Dr Ambedkar juxtaposed the majority-minority conundrum with the issue of Dalits and drafted a new scheme in which executive would be formed not exclusively of the majority party but would give proportional representation to all communities, including the Dalits, Christians, Sikhs and Anglo-Indians. Also, the minority members of the Cabinet would be elected not by the whole legislature but only by the members of their respective communities, while the Cabinet members belonging to majority community would be elected by the whole House.
His novel approach while addressed the concerns of Dalits, but it completely ignored the issue of scheduled tribes. Also, it established an essentially fractured Cabinet. All these approaches are criticised by the author who himself (along with a wide majority of other Congress leaders) supported creation of a secular state, with cultural autonomy for different groups that make up the nation. Although the essential details of this proposal, as to how the cultural autonomy of various groups would be safeguarded and at what stage or on what basis any group could claim right of cultural autonomy, are not spell out in detail.
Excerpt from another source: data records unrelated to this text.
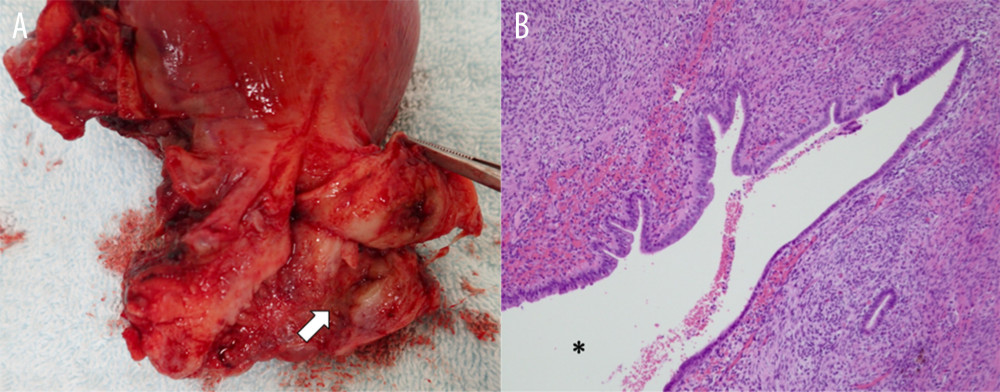 Macroscopic and microscopic findings from the excised uterine specimen. (A) Macroscopic finding from the excised uterine specimen. (B) Microscopic findings from the cervical cystic lesion (H&E stain). Cystic lesion on the uterine cervix with old, bloody fluid accumulation was found from the excised uterine specimen (A, arrow). H&E staining showed endometrial glands and endometrial stroma in the cystic area, we suspected that the cyst opened into the cervix (B). * Cervical canal, H&E: Hematoxylin and Eosin.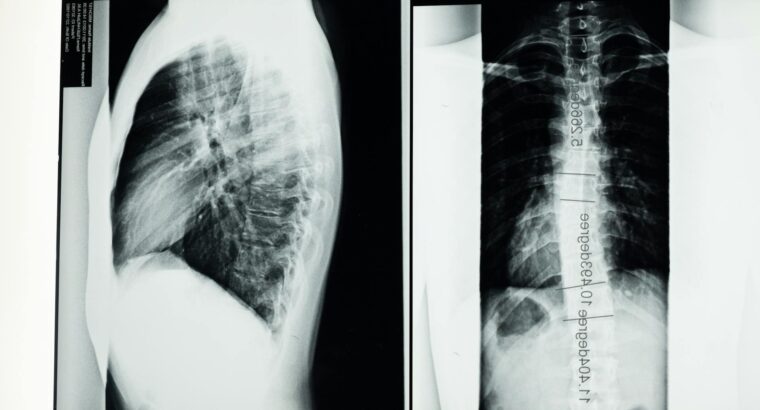 ORTOPEDIA Y TRAUMA COLUMNA VERTEBRAL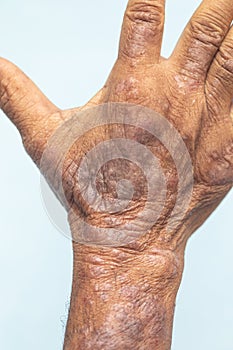 A physical of Atopic dermatitis AD, also known as atopic eczema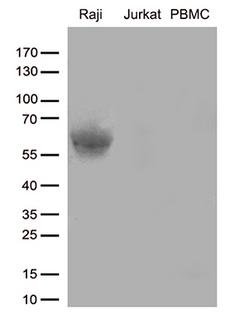 CD80 Antibody - Western blot analysis of extracts. (35ug) from cell lines and/or tissue lysates by using anti-CD80 monoclonal antibody. (1:500)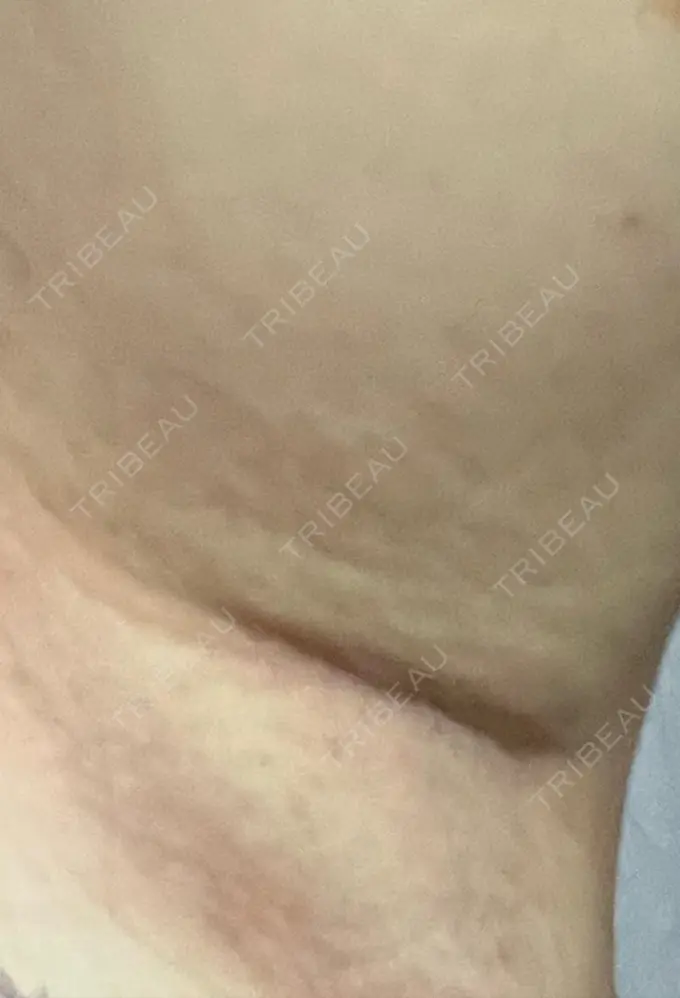 ワキ汗治療（レーザー） エースクリニック 名古屋院 BEFORE メイン用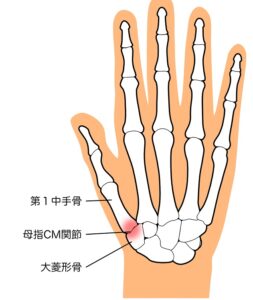 CM関節に軟骨があり、炎症が起きないようにしている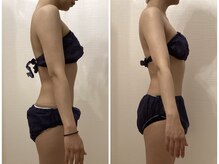 ルシエル ハカタ(Luciel HAKATA)/上半身痩身60分×2回(20代)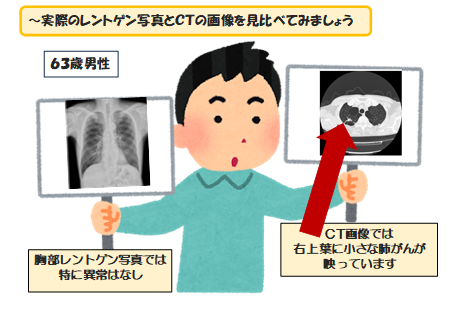 低線量肺がんＣＴ検診を始めました！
Rajendra Prasad points out in great detail the essential ambiguity of the Lahore resolution, however, his own proposal is not without ambiguities. In the second section of the book, he traces the origin of Hindu-Muslim conflict. Here he opens with the divide and rule policy of the East India Company and proceeds with the Wahabi movement, to Aligarh movement, the politics of separate electorates, Khilafat movement and the founding and politics of the Muslim League. What strikes a modern dispassionate reader is that in over 100-page review of Hindu-Muslim communal problem, he fails even to mention the Hindu right-wing politics. So, the whole blame of communal problem is laden onto the Imperial Government and Muslim League. Although a valuable and original research, author hardly comes out of the rhetoric of Congress, in whose vocabulary all Congressmen were nationalists, while all League members or those who opposed Congress were communalists.
The last section makes a
critical study of the financial and agricultural resources of Muslim
majority states and tries to show how the suggested scheme of Partition
was impracticable. On the whole, the book covers a wide range of themes,
debates, perspectives and counter-perspectives of important historical
personalities. It deals with the origin and development of Hindu-Muslim
problem, the issue of nation and nationality, the various schemes of
Partition and proposes a new solution to the Hindu-Muslim question. It’s
an important historical document and would interest both history
students as well as general readers.